Sven: “Wait, isn’t he a carry? And didn’t you say don’t start with carries?” Sven got a massive buff recently, which means he can potentially be a carry, but he is very flexible. He has a stun that hits multiple people which does a lot of damage and AOE stuns are useful ALL THE TIME. He can also not only do a lot of damage, but take it as well. Even if you don’t level him up so much, just throw that stun out to instantly be useful.

Sand King: He has a stun that can hit multiple heroes, he can turn invisible to escape enemies, a passive that lets him do a lot of damage to creeps, which makes it easier to get gold, and his ultimate is incredibly powerful. Please note that the first part of his ult is channeled, so don’t move him until AFTER the shockwaves start coming out.

Tidehunter: HE HAS THE BEST ULTIMATE TAKE THAT ENIGMA. Just get close to everyone, hit R, boom you became a hero. His gush move is also does good damage and slows the enemy drastically.

Ogre Magi: This guy doesn’t require a whole lot of items, and his stun can be absolutely devastating. He is very luck based, but hey, everyone could use a bit of luck.

But I want to play a carry…
Ok fine, if you HAVE to play a carry, try Sniper, Viper, or Drow Ranger. They don’t have too many active skills, and if the other team is bad enough, you can spiral out of control and kill everyone.

Ok you’ve picked your guy. Now…
Items are things you buy for your heroes to make them more powerful. What you make for each hero is typically called a “build.” When your hero spawns, the first thing you need to do is open the shop (on the right, you know, the big gold SHOP button) and buy items.

So what do I build with so and so?
Just build what Valve tells you to build. You can’t get fancy now, just go straight in order and buy them. You can play with interesting builds when you stop going 1-15.

How do I buy things?
You can buy most items anywhere on the map, but they will go to your stash, which you can only retrieve in the base. However, if you are in a shop, you can get the item right in your inventory. There are three types of shops in the game.
Base shops: The shop in your base, pretty self-explanatory. You can get any item here that is not exclusive to the secret shop.
Side shops: In the top and bottom lane, there are shops that any hero can purchase items at. While these shops do not have every items, they do have some useful ones when you are in the lane early in the game. The big ones are boots, magic sticks(they can heal you) , and teleport scrolls.
Secret shops: Each team has a secret shop located in section of the map. However, you can buy items from any secret shop (especially the enemy shop if you want to rub it in their face). You cannot buy items that are exclusive to the secret shop unless your hero is PHYSICALLY IN THE SHOP. Secret shop items have a little “s” logo on them. These shops help you build some of the most powerful items in the game, so the risk is worth the reward. However, if your courier is in the secret shop, you can buy things there if you control him. That way you don’t have to go all the way across the map to get one item.

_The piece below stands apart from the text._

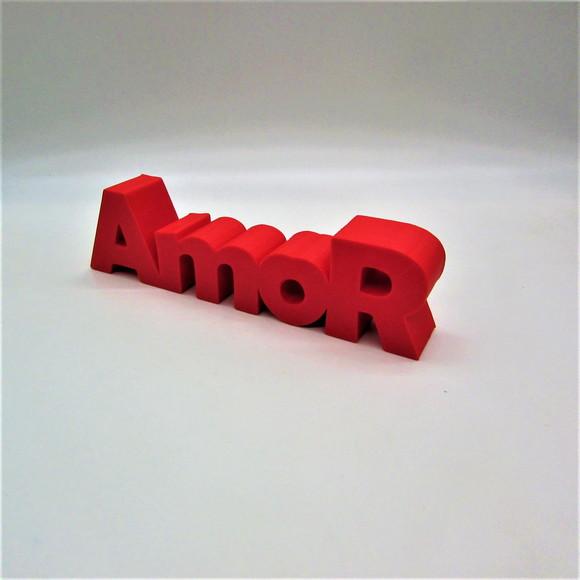 Palavra Decorativa Amor Feita com Impressão 3d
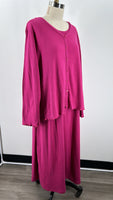 Woman Within 2pc Pink Dress + Jacket, 22/24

If you want to buy an item, just drag it into your quick buy box on the right, and then a yellow outline will appear when you have enough money for it. Right click on the item you want to buy (or hotkey it to something) and it will go into your stash. DON’T BUY RECIPES FIRST. They don’t do anything until you have all the other parts.

Important and awesome items:
Courier: SOMEONE ON YOUR TEAM HAS TO BUY THIS AT THE BEGINNING NO EXCEPTION. If you are a support, you have to bite the bullet and get one. This guy carries items from your base to your heroes, so you don’t have to run back and forth. For 220 gold, you can upgrade him to a flying courier, which is faster. He automatically turns into a flying one when you buy it anywhere on the map. You can kill the enemy courier for a lot of gold.

Wards: Probably the most important item in the game. There are two types: “Observer Wards” which grant vision over a large area, and “Sentry Wards” which grant vision over a much smaller area, but can see invisible heroes. Your team will need Observer Wards every match. You can only buy FOUR before they go out of stock (though they will go back in stock after a cooldown), so don’t waste them.

Tango, Salve, Clarity: These are regen items that help heal you or recover your mana. When you first start the game, you always want to have some combination of these. DO NOT JUST BUY BOOTS AND TANGOS OR A BRACER OR SOMETHING. You will need those regen items as you will be so weak in lane. If the enemy is aggressive, takes you down to 20% health, and you have no recovery items because you really wanted those boots, then what?

Teleport Scroll: For only 135 gold, you can warp to any of your towers, or your base by double tapping the key bound to your item slot. Need to warp into a team fight? Need to escape like a coward? Is someone trying to sneak behind you? TP scrolls are useful and games can be won or lost because someone did or did not have them.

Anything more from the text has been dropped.